**** THE DATA

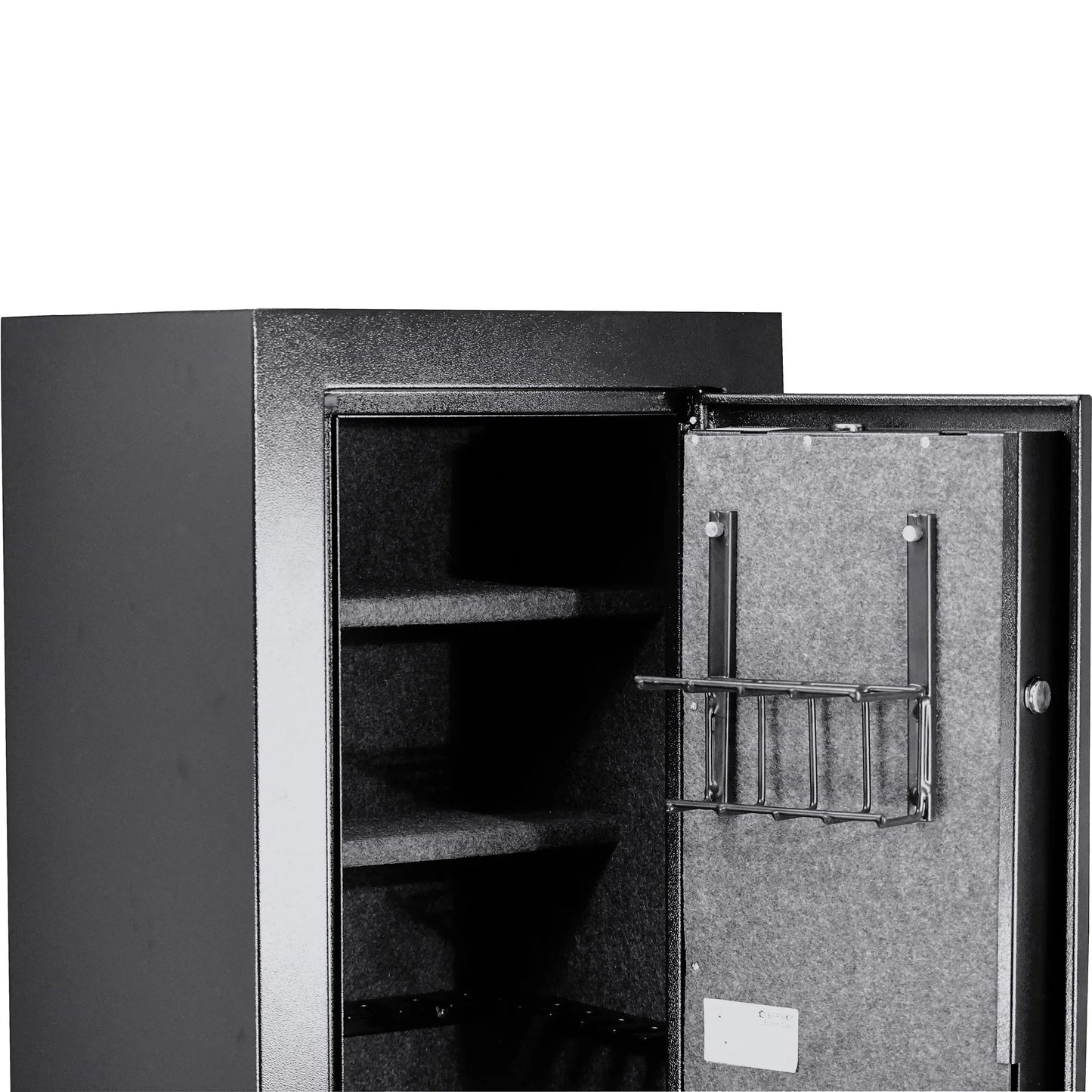 Barska AX13378 HQ1000 16 Rifle Biometric Digital Keypad Rifle Safe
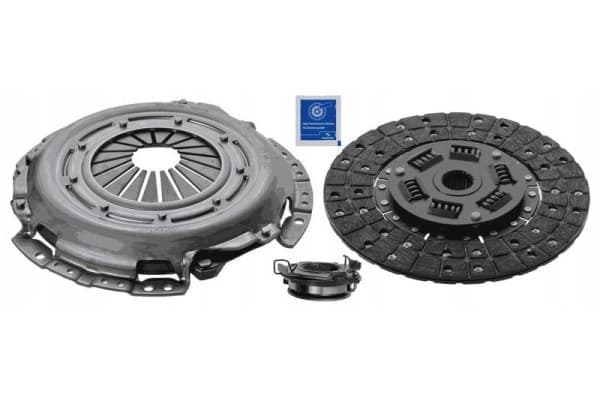 Sachs 3000 950 526 Juego de embrague nuevo 3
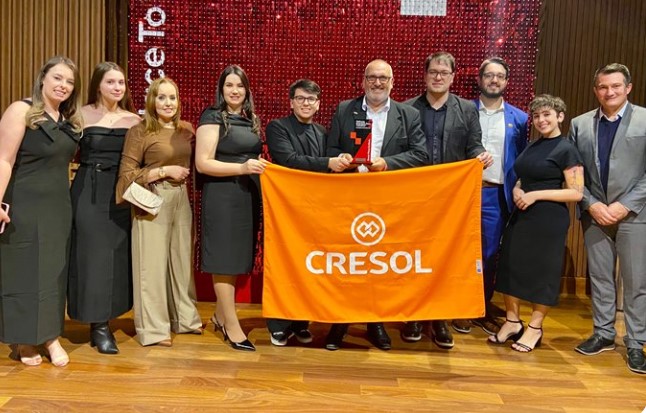 GPTW: Cresol conquista 2º lugar no ranking de instituições financeiras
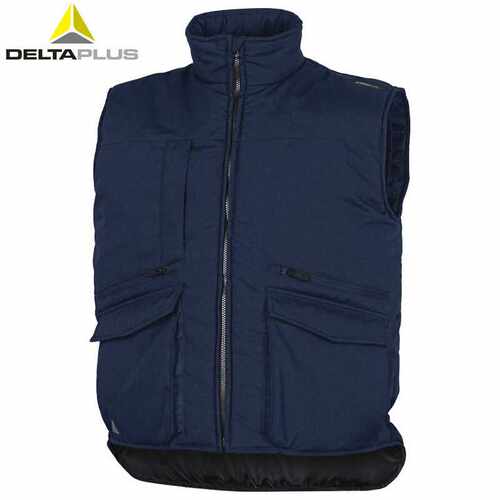 代尔塔秋冬马甲冬天防寒服保暖马甲防寒马甲冬季工作外套405104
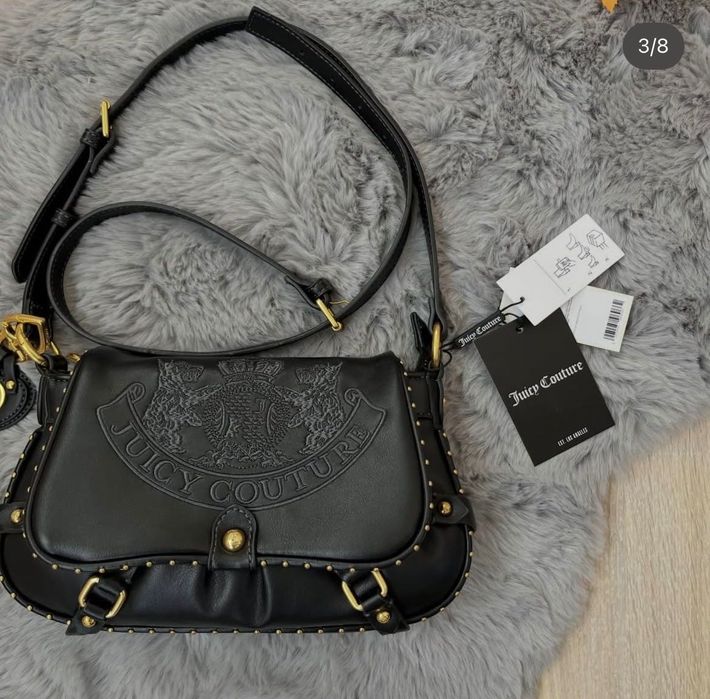 Juice Couture Guess liu jo чисто нова чанта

********

# PROBLEM DESCRIPTION
Write out each entry word for word, images excluded.

# OUTPUT OF THE TASK
 Barska AX13378 HQ1000 16 Rifle Biometric Digital Keypad Rifle Safe
 Sachs 3000 950 526 Juego de embrague nuevo 3
 GPTW: Cresol conquista 2º lugar no ranking de instituições financeiras
 代尔塔秋冬马甲冬天防寒服保暖马甲防寒马甲冬季工作外套405104
 Juice Couture Guess liu jo чисто нова чанта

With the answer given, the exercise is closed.